The Planet’s Extinction Begins with the Death of [Art] Creation

The other day I saw a time-lapse video in which four Tibetan Buddhist monks created a 5′ x 5′ sand mandala.

The video lasted only 1 minute, but the whole project took 5 days of 8–10 hours of work each day; roughly 50 hours to complete. In the end, they perform their traditional ritual and destroy it. But that is not what this piece is about.

For the audience, all that remained was the memory of having watched the work being completed and the final piece itself.

For those who worked on it, what remains is the memory of the coordinated effort over long days; and, of course, the lifelong satisfaction of having created such a work of art (even if it lasted only a short time in its completed form).

So, what do we see? Those of us on the other side of the screen.

A digital photo of the finished work.

Anyone who doesn’t know its process or history will never be able to grasp the effort and dedication it took to create the final product. They’ll just see an image with a pattern of colors on a screen (the length of time you spend thinking about it while scrolling: 1–2 seconds).

Barely two minutes later, while I was wasting my time on social media, more mandala designs started popping up in my feed (thanks, Mark Zuckerberg, for the invasive algorithm).

The tragic thing about this is that the designs weren’t even photographs of actual artwork—they were images generated by artificial intelligence.

The work of four extremely talented geniuses, who labored with patience and meticulous care for 50 hours, was reduced to a 1-minute video summarizing the feat, and a digital photograph that captured, with a timestamp, the moment before and after it ceased to exist.

It’s still valid and valuable within what we consider art. No material was stolen or appropriated. The effort was documented for the sake of appreciating it. The beauty was captured in memory, photography, and on a digital screen. Its use was entirely ethical and justifiable.

Now comes THE main problem: the images being spread by the all-powerful algorithm and displayed (or rather, forced) onto our screens are created by artificial intelligence to gradually replace the original photo—which is just one image, yet represents 50 hours of work by several people.

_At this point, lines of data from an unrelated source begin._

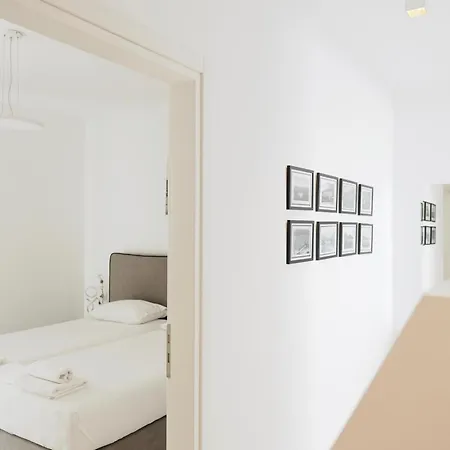 Apartment Luxury Penthouse B&e Sarande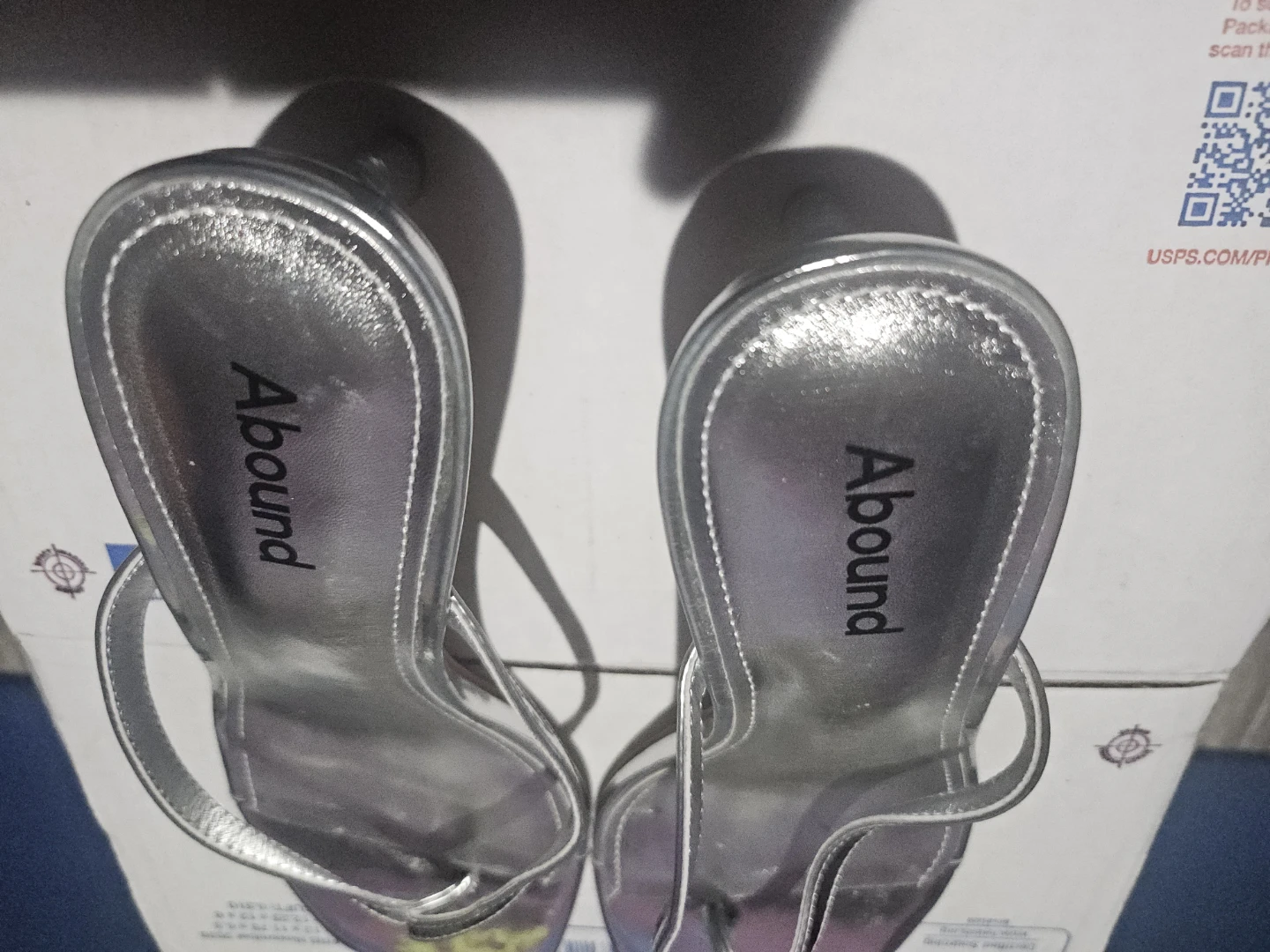 Abound Silver Heeled Thong Sandals Size 8.5 - photo 2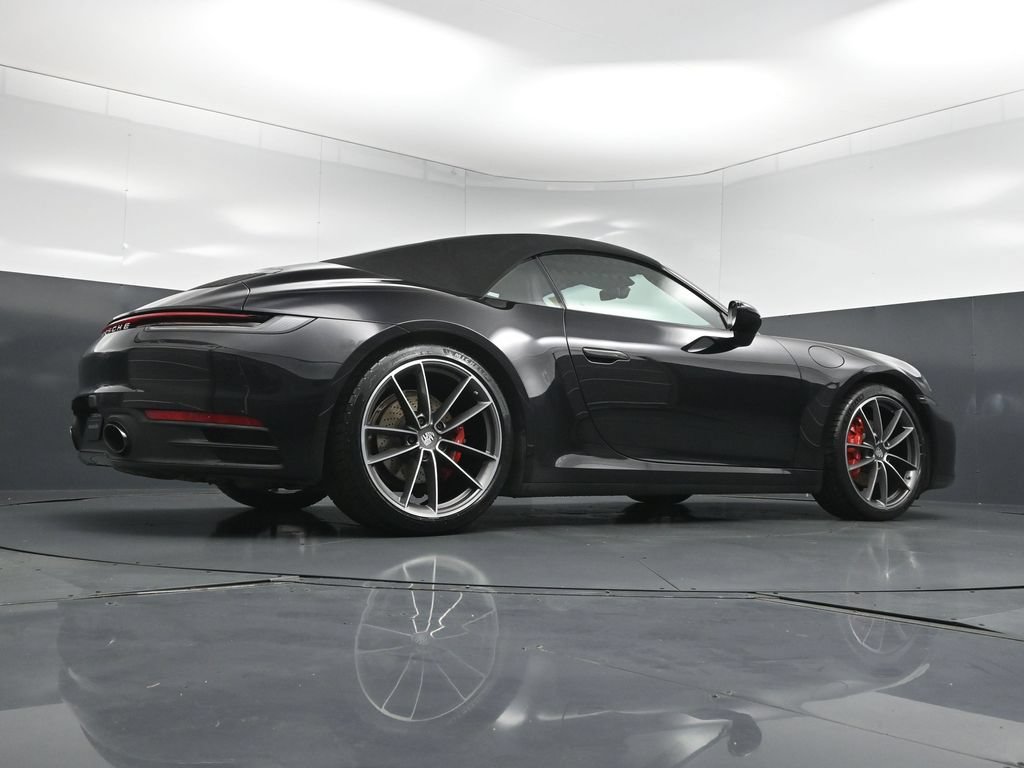 Certified 2020 Porsche 911 Carrera RWD image 27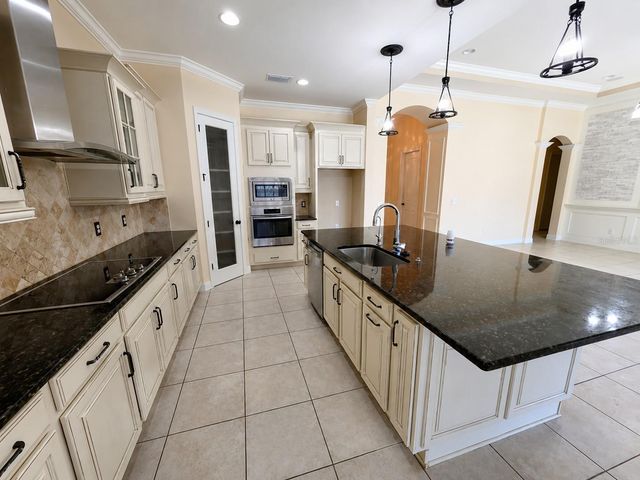 10911 CHARMWOOD DRIVE, Riverview, FL 33569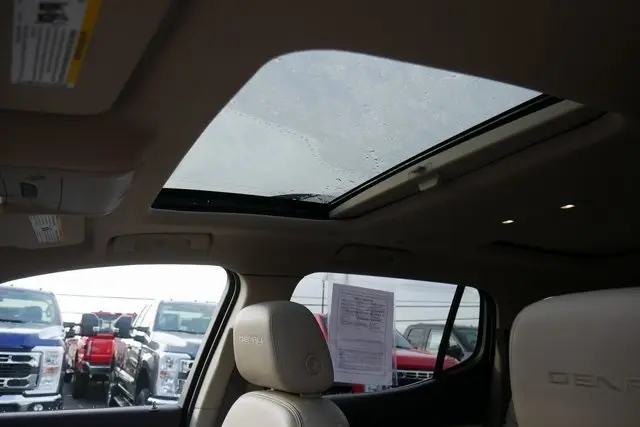 2019 Gmc Acadia Denali photo 3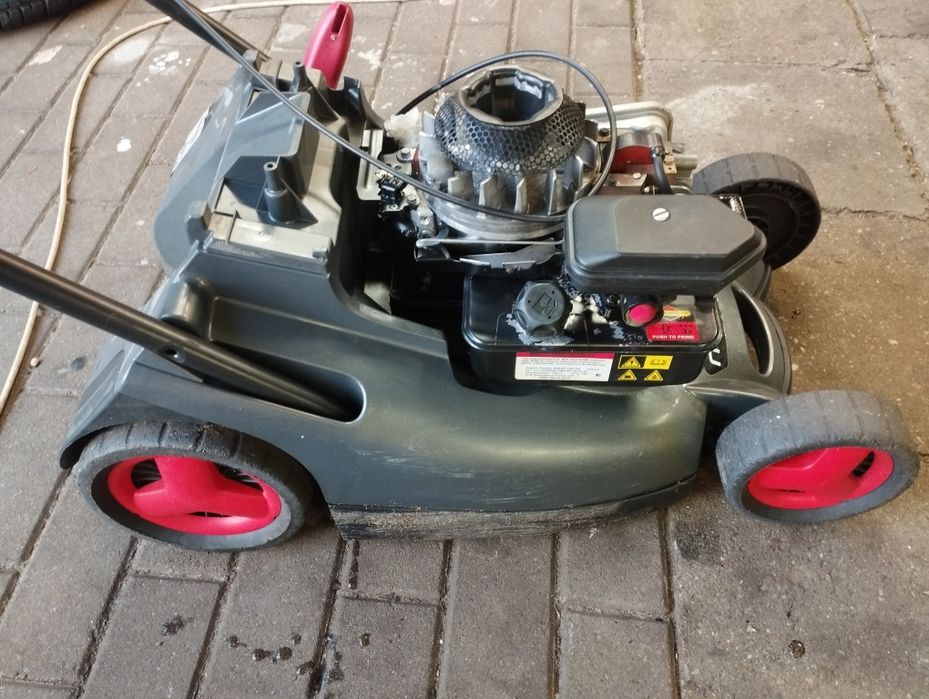 Obudowa laweta wózek kosiarki z napędem plastikowa silnik Briggs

This is just one personal example I’ve observed of how we continue to widen the gap between what is real, tangible, human… and what is created as digital content to be consumed instantly, without collective memory, documented history, or further studies.

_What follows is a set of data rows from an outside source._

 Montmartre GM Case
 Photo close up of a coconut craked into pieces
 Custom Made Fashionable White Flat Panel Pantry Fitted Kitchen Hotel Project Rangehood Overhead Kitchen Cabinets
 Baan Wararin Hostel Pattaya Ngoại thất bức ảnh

In the near future, we run the risk of losing the tradition and ritual of creation (from works of art to culinary recipes).

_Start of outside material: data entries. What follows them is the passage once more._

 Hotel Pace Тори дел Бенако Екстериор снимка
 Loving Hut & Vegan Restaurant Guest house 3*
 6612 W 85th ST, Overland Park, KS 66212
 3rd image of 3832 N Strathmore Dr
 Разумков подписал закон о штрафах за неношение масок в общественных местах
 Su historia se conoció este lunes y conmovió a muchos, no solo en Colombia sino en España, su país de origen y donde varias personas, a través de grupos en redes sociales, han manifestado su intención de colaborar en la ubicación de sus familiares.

Little by little, the memory of what began as an idea within the human mind—and which we had the ability to turn into reality—will fade away.

In the end, that idea, which was ultimately captured in a sand painting, documented in photo and video, and then destroyed in our physical realm, will be replaced by a copied image generated in microseconds thanks to the (illegal) collection and appropriation of digital content that will never stop cannibalizing itself and will continue to regenerate with recycled creations from the very same collection and appropriation that was once the source content and has since ceased to exist.

The idea that once was is now a copy of a copy of a copy… Devised and conceived by a complex digital code that feels nothing, exerts no effort, and creates nothing.

It merely recycles and redefines until it replaces what we have already forgotten.